START DATA LISTING

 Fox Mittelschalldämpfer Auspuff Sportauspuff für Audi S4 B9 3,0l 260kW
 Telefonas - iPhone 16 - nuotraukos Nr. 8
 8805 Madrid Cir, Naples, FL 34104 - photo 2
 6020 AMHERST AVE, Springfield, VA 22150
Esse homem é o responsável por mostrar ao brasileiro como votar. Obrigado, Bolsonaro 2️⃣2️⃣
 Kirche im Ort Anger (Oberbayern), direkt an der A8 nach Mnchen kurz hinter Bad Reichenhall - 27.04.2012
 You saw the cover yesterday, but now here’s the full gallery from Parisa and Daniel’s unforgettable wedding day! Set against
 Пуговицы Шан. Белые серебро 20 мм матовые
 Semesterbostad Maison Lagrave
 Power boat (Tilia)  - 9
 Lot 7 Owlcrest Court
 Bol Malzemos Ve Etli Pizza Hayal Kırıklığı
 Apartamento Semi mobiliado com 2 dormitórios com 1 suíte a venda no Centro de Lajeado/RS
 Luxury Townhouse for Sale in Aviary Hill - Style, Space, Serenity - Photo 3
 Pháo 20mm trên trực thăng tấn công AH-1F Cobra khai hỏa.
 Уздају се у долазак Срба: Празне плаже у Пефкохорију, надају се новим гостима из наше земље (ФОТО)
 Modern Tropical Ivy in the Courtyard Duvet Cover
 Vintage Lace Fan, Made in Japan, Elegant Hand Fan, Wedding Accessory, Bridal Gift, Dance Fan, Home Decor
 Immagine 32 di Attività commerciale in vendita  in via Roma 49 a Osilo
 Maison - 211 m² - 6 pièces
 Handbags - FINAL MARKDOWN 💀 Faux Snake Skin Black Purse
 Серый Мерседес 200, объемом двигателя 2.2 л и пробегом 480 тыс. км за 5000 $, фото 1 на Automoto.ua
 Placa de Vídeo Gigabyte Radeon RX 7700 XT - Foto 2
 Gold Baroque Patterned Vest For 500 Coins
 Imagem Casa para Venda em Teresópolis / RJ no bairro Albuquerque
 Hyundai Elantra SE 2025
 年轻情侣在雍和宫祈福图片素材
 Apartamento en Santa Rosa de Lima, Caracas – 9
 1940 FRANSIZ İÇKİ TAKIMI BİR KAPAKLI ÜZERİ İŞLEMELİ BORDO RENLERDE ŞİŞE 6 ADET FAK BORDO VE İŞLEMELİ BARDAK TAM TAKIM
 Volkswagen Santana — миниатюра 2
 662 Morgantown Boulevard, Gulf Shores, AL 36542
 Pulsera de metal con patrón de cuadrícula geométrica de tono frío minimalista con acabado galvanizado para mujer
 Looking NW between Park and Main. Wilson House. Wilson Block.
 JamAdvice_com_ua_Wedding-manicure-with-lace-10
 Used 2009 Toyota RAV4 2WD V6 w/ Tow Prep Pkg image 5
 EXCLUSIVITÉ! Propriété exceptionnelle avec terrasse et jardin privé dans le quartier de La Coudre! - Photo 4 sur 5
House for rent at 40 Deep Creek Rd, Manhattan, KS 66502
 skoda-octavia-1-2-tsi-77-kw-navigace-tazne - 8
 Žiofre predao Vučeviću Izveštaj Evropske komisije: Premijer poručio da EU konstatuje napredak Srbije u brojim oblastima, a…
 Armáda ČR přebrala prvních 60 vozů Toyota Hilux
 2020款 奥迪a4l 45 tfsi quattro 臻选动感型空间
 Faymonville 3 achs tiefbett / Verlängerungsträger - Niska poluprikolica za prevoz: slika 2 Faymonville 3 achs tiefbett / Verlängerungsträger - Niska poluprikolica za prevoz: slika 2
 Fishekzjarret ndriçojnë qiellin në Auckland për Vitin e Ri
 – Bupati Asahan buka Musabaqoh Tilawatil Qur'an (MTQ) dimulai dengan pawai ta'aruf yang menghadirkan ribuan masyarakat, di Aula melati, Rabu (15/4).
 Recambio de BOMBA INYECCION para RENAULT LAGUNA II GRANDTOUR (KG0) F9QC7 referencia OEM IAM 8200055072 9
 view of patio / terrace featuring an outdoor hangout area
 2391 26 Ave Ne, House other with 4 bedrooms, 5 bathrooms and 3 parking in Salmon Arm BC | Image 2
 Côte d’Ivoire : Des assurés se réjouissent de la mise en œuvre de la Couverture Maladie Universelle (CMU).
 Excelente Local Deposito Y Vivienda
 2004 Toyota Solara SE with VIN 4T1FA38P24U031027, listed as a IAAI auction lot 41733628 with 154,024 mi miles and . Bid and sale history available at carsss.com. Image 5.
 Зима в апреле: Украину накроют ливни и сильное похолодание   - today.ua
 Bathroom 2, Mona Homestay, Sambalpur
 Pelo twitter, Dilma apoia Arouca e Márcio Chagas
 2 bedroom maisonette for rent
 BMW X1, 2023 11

END DATA LISTING

EXERCISE:
Copy from the line with "Žiofre predao Vučeviću" to the final line of the records, inclusive, and add nothing else.

REPLY:
 Žiofre predao Vučeviću Izveštaj Evropske komisije: Premijer poručio da EU konstatuje napredak Srbije u brojim oblastima, a…
 Armáda ČR přebrala prvních 60 vozů Toyota Hilux
 2020款 奥迪a4l 45 tfsi quattro 臻选动感型空间
 Faymonville 3 achs tiefbett / Verlängerungsträger - Niska poluprikolica za prevoz: slika 2 Faymonville 3 achs tiefbett / Verlängerungsträger - Niska poluprikolica za prevoz: slika 2
 Fishekzjarret ndriçojnë qiellin në Auckland për Vitin e Ri
 – Bupati Asahan buka Musabaqoh Tilawatil Qur'an (MTQ) dimulai dengan pawai ta'aruf yang menghadirkan ribuan masyarakat, di Aula melati, Rabu (15/4).
 Recambio de BOMBA INYECCION para RENAULT LAGUNA II GRANDTOUR (KG0) F9QC7 referencia OEM IAM 8200055072 9
 view of patio / terrace featuring an outdoor hangout area
 2391 26 Ave Ne, House other with 4 bedrooms, 5 bathrooms and 3 parking in Salmon Arm BC | Image 2
 Côte d’Ivoire : Des assurés se réjouissent de la mise en œuvre de la Couverture Maladie Universelle (CMU).
 Excelente Local Deposito Y Vivienda
 2004 Toyota Solara SE with VIN 4T1FA38P24U031027, listed as a IAAI auction lot 41733628 with 154,024 mi miles and . Bid and sale history available at carsss.com. Image 5.
 Зима в апреле: Украину накроют ливни и сильное похолодание   - today.ua
 Bathroom 2, Mona Homestay, Sambalpur
 Pelo twitter, Dilma apoia Arouca e Márcio Chagas
 2 bedroom maisonette for rent
 BMW X1, 2023 11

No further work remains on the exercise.